O arcabouço conceitual escolhido por Teilhard para tornar compreensível a genialidade da sua cosmovisão global do Universo, da Natureza e do Homem, prima pela lógica e coerência. Tudo começou no polo “alfa” onde reina total simplicidade. Essa simplicidade, porém, é apenas aparente. Ela oculta um potencial ilimitado de desdobramentos, que vão se materializando no decorrer da evolução, tanto no plano marco quanto no micro e no nanocósmico. “O Fenômeno Humano” nada mais é do que o desfecho dessa história com o surgimento do homem, inserido “sistemicamente”, como diria von Bertalanffy, nesse contexto global e universal.
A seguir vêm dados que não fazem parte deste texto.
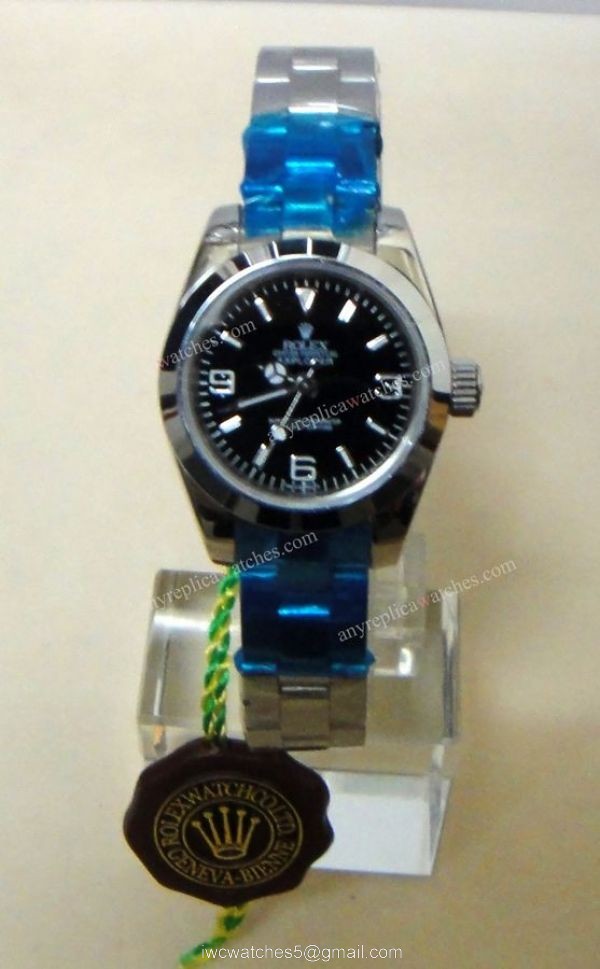 Rolex Explorer Oyster Band Black Face Replica Ladies Watch 1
A evolução em todos os níveis e abrangências conta com os mecanismos da agregação, da repetição geométrica, complexificação e compressão, como responsáveis pela infinita diversidade e níveis que se observam na natureza. Com o acirramento da complexificação, acentua-se a compressão e com ela os níveis de consciência tornam-se cada vez mais perceptíveis e mais atuantes. Na primeira fase da evolução predominou a diversificação – os meridianos do globo terrestre ilustram essa dinâmica – na segunda acentua-se a compressão, até que tudo seja subsumido num único polo de convergência – o “ômega”.
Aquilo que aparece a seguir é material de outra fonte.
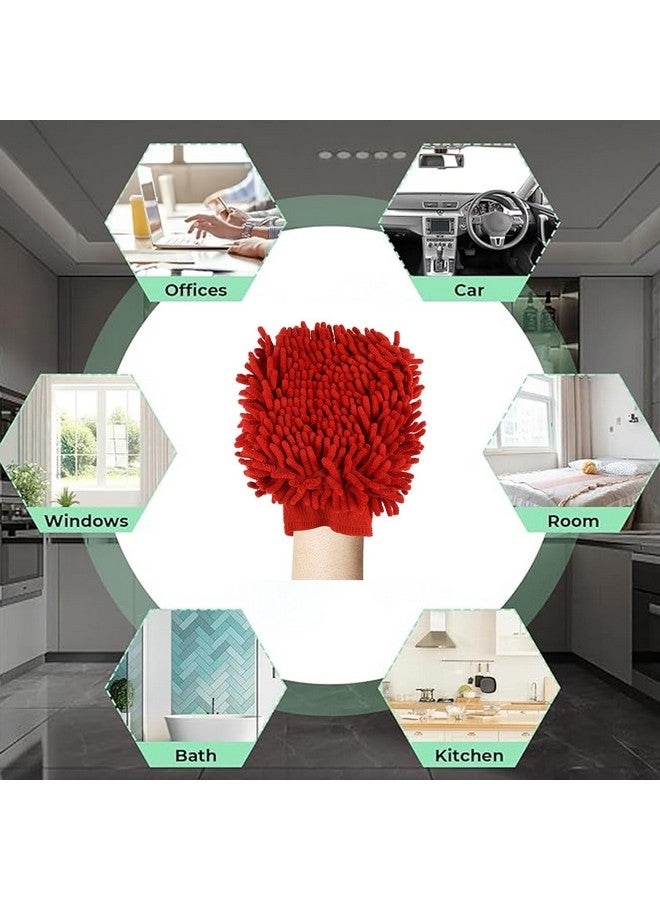 Kuber Industries Gloves | Microfiber Cleaning Gloves | Chenille Mitts for Kitchen | 50 GSM Hand Duster for Kitchen | Hand Gloves for Car | Duster for Glass | Pack of 2 | Multi - Image 4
Os processos responsáveis por essa dinâmica, além dos seus resultados são explicáveis pela evolução natural. Há, porém, três momentos nessa história de bilhões de anos em que os acontecimentos se complicam. São situações limite em que qualquer cientista isento e sem preconceitos pergunta: o meu arsenal metodológico e conceitual está, de fato, em condições de dar uma resposta que convença, ou devo remeter essa tarefa a uma outra instância que dispõe dos instrumentos adequados para lidar com o problema? Os três momentos críticos são, para repeti-los de novo: o primeiro, a origem da energia, a matéria prima, “o estofo” do universo; o segundo, o surgimento da vida com suas características de “sistema aberto”, alimentando-se, locomovendo-se e reproduzindo-se e orientando-se por instinto; o terceiro, a hominização que equipou o cérebro do homem com a inteligência racional. Não é aqui a ocasião para requentar essa discussão a nível genérico. Nosso interesse resume-se no caminho que Teilhard escolheu para lidar com o problema. Fiel ao propósito de enfrentar essas questões intrincadas ao nível da evolução natural, espera-se que não remeta a explicação a algum “design inteligente”, ou, o que ninguém estranharia, jesuíta que era, declarar que as Ciências Naturais não têm como dar uma resposta conclusiva, restando a Criação como solução. Optou pela saída de qualquer cientista honesto. Lidando com esse tipo de desafios como sendo hipóteses, e nada mais. É o que ele deixa claro ao introduzir o capítulo primeiro do “Fenômeno Humano”, com o titulo “O Estofo do Universo.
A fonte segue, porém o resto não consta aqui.